Novels this Weekend

I managed to read two small novels this weekend. I have not done that in a long time, and it felt good. Most of my reading is consumed by philosophy and teaching essays, and student’s essays.

The first novel I had has been sitting on my shelf for a very long time: Ian McEwan’s Black Dogs. I have read a few books by McEwan: Atonement, Amsterdam, and Saturday. All of them were excellent. Black Dogs did not disappoint. It is narrated by a man who, at the beginning of his life, found himself addicted to becoming friends with his friends’ parents, because his own parents had died when he was 8. Also, he finds himself caught between the one side of believing too much, or not enough. The book is mostly set when he is in his forties, after he had finally met a woman whom he married in his thirties. The focus of the story, however, is not about him or his wife, but about his wife’s parents, Bernard and June. June believes too much, Bernard doesn’t believe enough. The narrator (Jeremy?) is exploring the lives of his parents-in-law, who had split a very long time ago but were nevertheless addicted to the memory of one another. Throughout the entire story, an episode of their youth is hinted at: June’s encounter with a pair of black dogs, whom June sees as the embodiment of evil or a manifestation of the devil (sort of). Bernard doesn’t understand what she sees, and the split begins from there.

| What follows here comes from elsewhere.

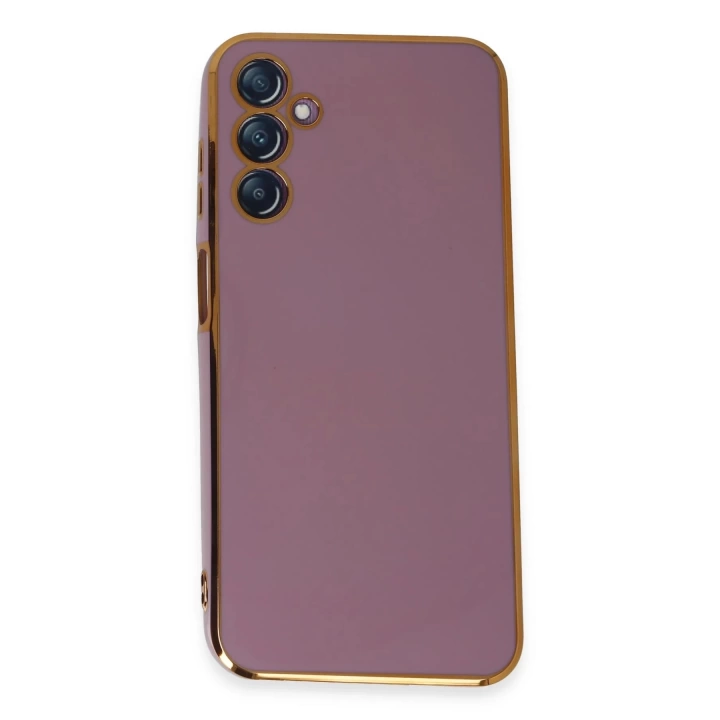 BFS  Samsung Galaxy M14 5G Kılıf Volet Silikon - Mor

The other book I read was Paul Harding’s Tinkers. Harding is a brand new novelist, but his book managed to pickup a Pulitzer Prize nonetheless. Tinkers focuses on a retired clock-repairman who is about to die, surrounded by his wife, children and grand-children, and the man’s father, who was an Appalachian traveling salesman.  The book moves back and forth between the two lives, and it is very well written.

I recommend both if you feel the urge for a good, well-written, thought-provoking story that is nonetheless not too heavy.